People from across the generations took part in the demonstrations and spoke of the pressures they face from rising prices.
Those on pensions said their income is no longer stretching far enough, while younger people spoke of their inability to afford rent or get a mortgage.
Others spoke of the day-to-day struggles that the increased costs of food and fuel are putting on their personal finances.
Helen Carroll, from Dublin, said that she is currently living in a cabin in the back of her partner’s parents house because they cannot afford to pay rent and are saving to buy a house
Bernie Logan, from Tallaght, said she was attending the protest because of the impact inflation is having on her children’s lives and her own.
“My husband is 70 and he’s still working. He can’t stop at the moment because if he stops we know that that’s going to be very difficult to live.”
Conor Reddy, a PHD student working in Trinity College Dublin, said the basics are becoming a struggle.
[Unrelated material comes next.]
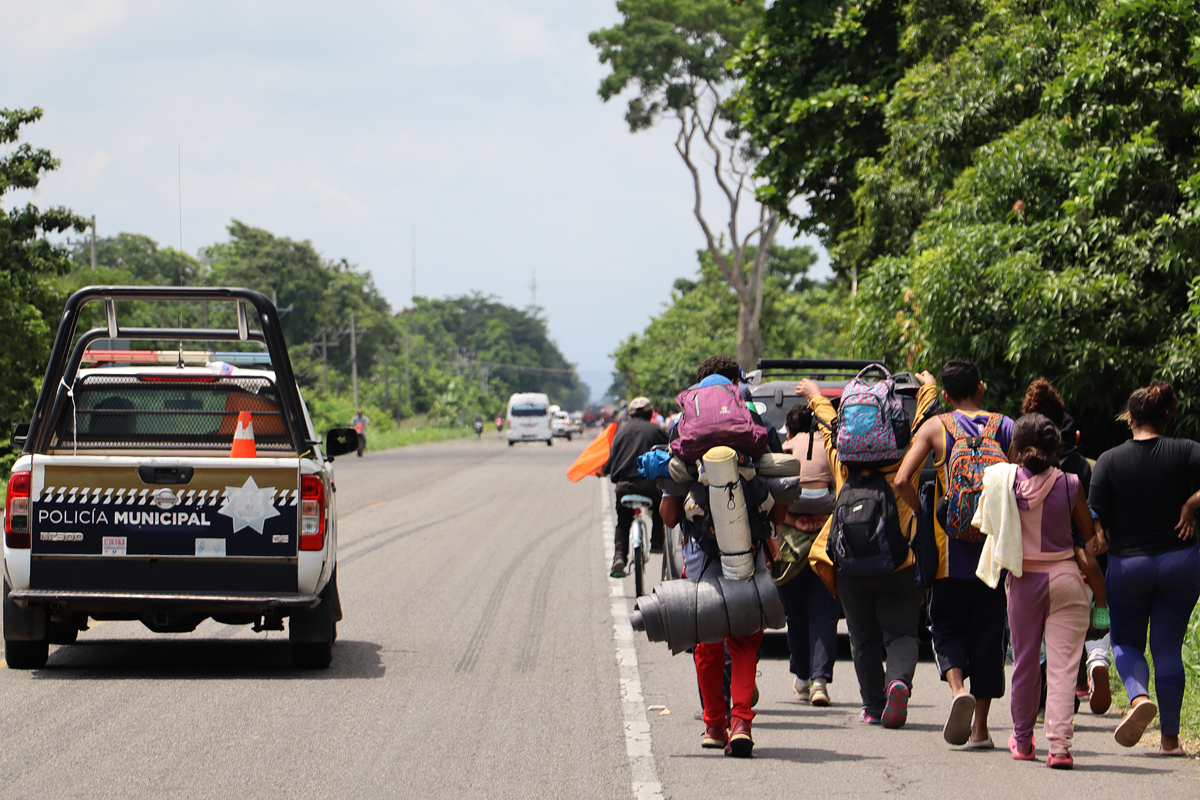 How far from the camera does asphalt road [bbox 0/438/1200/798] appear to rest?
5660 millimetres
“We’re on very low wage and at same time we’re trying to keep up with the cost of living. With paying rent and running cars and I guess just trying to have a dignified existence is becoming very, very difficult.”
Sinn Féin Leader Mary Lou McDonald said that people cannot wait until October for measures to help ease the impact of the cost of living and called for an emergency budget before the autumn.
“We’re not asking them to chase inflation. We’re asking them to recognize that people are struggling to put fuel in their car, to keep the lights on and to put food on the table, so there has to be a Government response to that.”
The UK has been facing the worst cost of living crisis in over 40 years as inflation rockets and wages decline.
In April, inflation hit a high of 9% and at the same time the energy price cap increased by 54%, water bills rose by an average of 1.7% and National Insurance rose by 1.25%.
The prices of food are also rising, with Which? revealing last month that grocery inflation was 3.14% on average, but some of the most popular supermarket foods had seen a price hike of over 20%.